PROVIDED DATA:
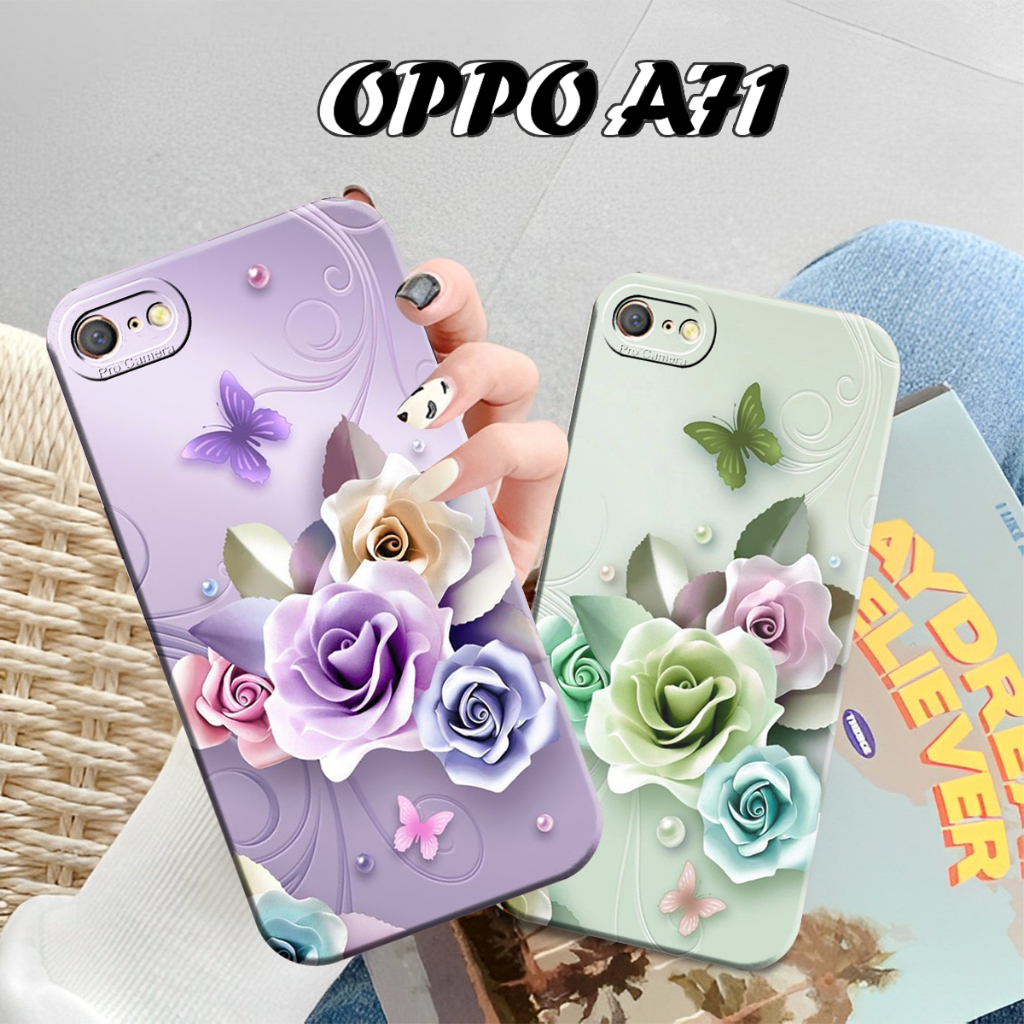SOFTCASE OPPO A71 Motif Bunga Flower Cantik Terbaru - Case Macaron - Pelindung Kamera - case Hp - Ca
--
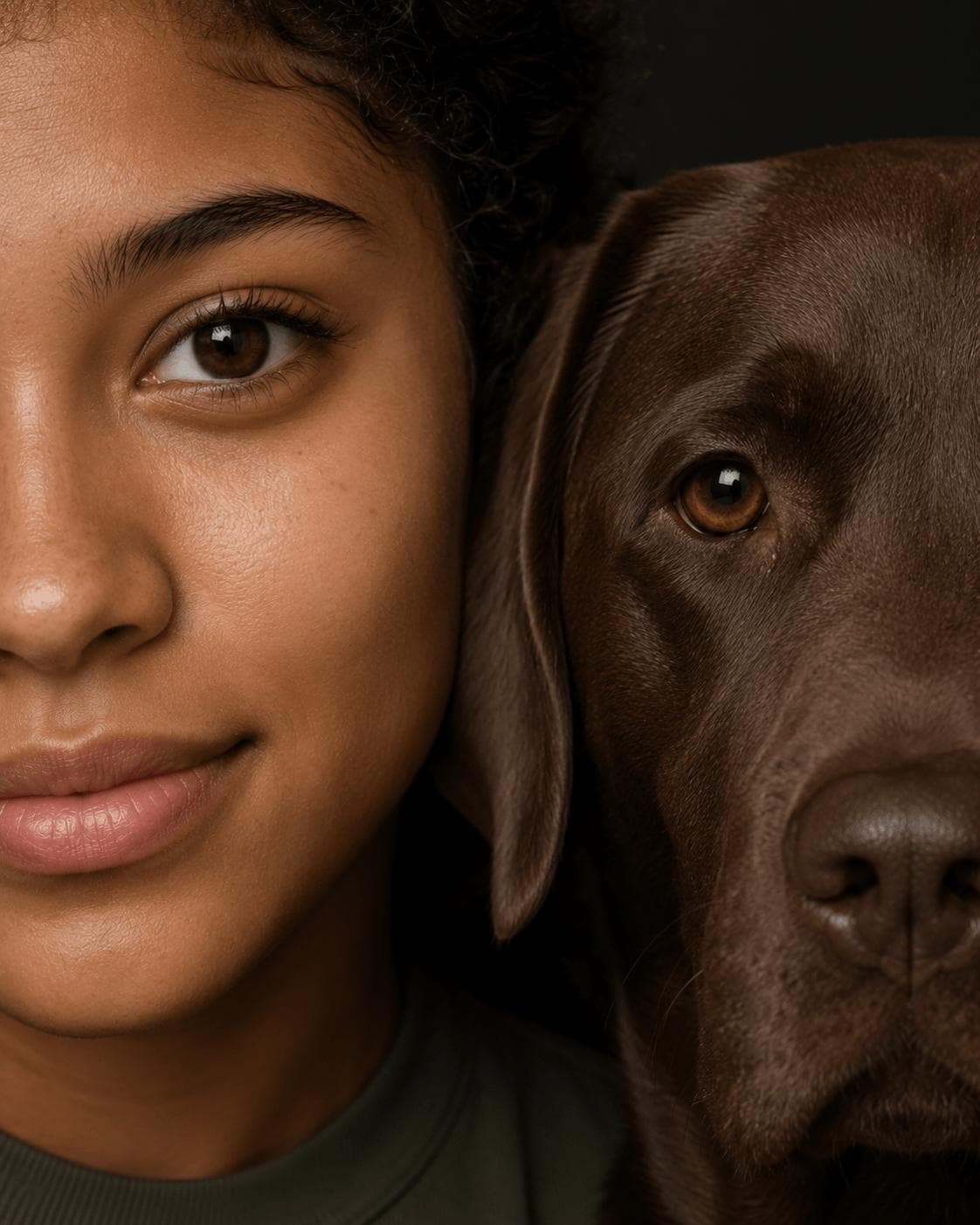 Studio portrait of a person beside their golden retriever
--
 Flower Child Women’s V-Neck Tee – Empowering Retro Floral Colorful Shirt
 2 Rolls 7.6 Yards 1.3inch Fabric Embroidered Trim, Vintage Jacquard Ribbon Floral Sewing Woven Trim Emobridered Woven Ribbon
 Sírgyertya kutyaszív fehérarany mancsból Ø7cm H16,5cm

PROBLEM TO WORK ON:
Reproduce exactly, and with no other material, the lines between those holding "Flower Child Women’s" and "Sírgyertya kutyaszív fehérarany", inclusive.

SOLUTION FOR THIS EXERCISE:
 Flower Child Women’s V-Neck Tee – Empowering Retro Floral Colorful Shirt
 2 Rolls 7.6 Yards 1.3inch Fabric Embroidered Trim, Vintage Jacquard Ribbon Floral Sewing Woven Trim Emobridered Woven Ribbon
 Sírgyertya kutyaszív fehérarany mancsból Ø7cm H16,5cm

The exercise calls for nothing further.